Heartnut


#1

Share your heartnut experiences on this thread.

Grafting heartnuts requires a lot of heat. Wait till you know for certain you’re at 75 F / 24 C and then do it. You want the forecast to stay at/above those temps. As a skilled grafter you will get the best number of successful grafts using the 3-flap or 4-flap aka “Banana Graft” method, or, the bark graft method & 50% is on a great year.

As a rootstock, black walnut is commonly used and I recommend it, but also seedling heartnut should be explored. Try not using Carpathian/Persian/English/Juglans regia (seedling rootstock) due to its inability of continuing growth sometime mid-summer-ish/later. The same thing that Shagbark hickory does btw, which will impact nut size and kernel /size maturity at harvest, annually.

These are my notes from Fall 2019 on cultivars. Only two not-named (yet) cultivars held their sweet and smooth flavor after two months of open air drying. One is a seedling of ‘Stealth’ named ‘Killdeer’ for the speckles on the husk that reminded him of Killdeer bird eggs and the shape of the husk to a Killdeer’s egg; and the other ‘Pearl’.

You will find Killdeer for sale upcoming from Grimo Nut Tree Nursery.
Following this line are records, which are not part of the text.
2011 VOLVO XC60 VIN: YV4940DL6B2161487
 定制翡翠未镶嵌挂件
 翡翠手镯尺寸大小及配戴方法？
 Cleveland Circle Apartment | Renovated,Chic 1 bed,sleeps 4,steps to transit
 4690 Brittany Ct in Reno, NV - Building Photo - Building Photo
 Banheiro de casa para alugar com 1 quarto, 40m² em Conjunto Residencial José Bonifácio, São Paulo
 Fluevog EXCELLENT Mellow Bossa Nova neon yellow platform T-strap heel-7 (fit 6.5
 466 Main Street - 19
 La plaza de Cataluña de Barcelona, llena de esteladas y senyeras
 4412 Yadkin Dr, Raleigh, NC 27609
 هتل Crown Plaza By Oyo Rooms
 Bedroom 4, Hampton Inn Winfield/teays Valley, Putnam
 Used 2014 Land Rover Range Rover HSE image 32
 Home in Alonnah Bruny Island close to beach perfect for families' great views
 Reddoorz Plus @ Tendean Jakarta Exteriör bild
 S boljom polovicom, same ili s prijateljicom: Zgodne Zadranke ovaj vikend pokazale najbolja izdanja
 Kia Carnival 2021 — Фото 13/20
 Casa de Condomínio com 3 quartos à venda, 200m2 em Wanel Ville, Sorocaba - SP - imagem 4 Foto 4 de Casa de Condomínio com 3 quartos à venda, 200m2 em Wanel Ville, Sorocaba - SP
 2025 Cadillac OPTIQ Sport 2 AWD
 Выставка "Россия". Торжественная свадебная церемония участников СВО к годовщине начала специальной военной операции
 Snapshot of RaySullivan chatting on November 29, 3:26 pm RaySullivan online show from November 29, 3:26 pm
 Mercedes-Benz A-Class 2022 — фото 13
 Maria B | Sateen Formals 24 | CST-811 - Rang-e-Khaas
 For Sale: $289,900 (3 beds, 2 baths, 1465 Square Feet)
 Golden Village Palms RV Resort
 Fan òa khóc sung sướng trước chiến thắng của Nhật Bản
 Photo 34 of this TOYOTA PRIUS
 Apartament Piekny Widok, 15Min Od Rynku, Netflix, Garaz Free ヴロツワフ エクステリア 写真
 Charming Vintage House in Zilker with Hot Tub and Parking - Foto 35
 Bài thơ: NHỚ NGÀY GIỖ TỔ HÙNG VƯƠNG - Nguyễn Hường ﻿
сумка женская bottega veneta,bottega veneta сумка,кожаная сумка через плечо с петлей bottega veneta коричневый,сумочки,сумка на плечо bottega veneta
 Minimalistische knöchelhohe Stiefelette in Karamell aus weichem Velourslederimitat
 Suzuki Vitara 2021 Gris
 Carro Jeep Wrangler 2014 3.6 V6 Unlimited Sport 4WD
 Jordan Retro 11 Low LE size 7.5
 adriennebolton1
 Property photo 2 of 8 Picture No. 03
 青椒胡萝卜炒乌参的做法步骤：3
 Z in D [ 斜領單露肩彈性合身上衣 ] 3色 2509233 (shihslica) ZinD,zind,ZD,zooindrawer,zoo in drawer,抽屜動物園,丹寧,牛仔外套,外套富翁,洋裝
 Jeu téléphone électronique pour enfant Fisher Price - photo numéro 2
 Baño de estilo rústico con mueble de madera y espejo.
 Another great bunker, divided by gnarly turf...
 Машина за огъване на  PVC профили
I’m not sure the future of Pearl.

Heartnut: Juglans ailantifolia var. cordiformis ‘Killdeer’ (Origin: Fred Blankenship. USA. Seedling of ‘Stealth’)

Heartnut: Julans ailantifolia var. cordiformis ‘Pearl’ (Origin: Fred Blankenship. USA. Improved Seed)

Heartnut: Juglans ailantifolia var. cordiformis 'Simcoe’

Time after time Simcoe did not crack well when tapped side to side along the suture with a mason’s hammer. Heartnuts will make a popping sound when the seam separates and you can easily open them with a fingernail or pocket knife.

Simcoe heartnut

Simcoe heartnut

Simcoe heartnut

Heartnut: Juglans ailantifolia var. cordiformis 'Locket’

Heartnut: Juglans ailantifolia var. cordiformis 'Adelphia’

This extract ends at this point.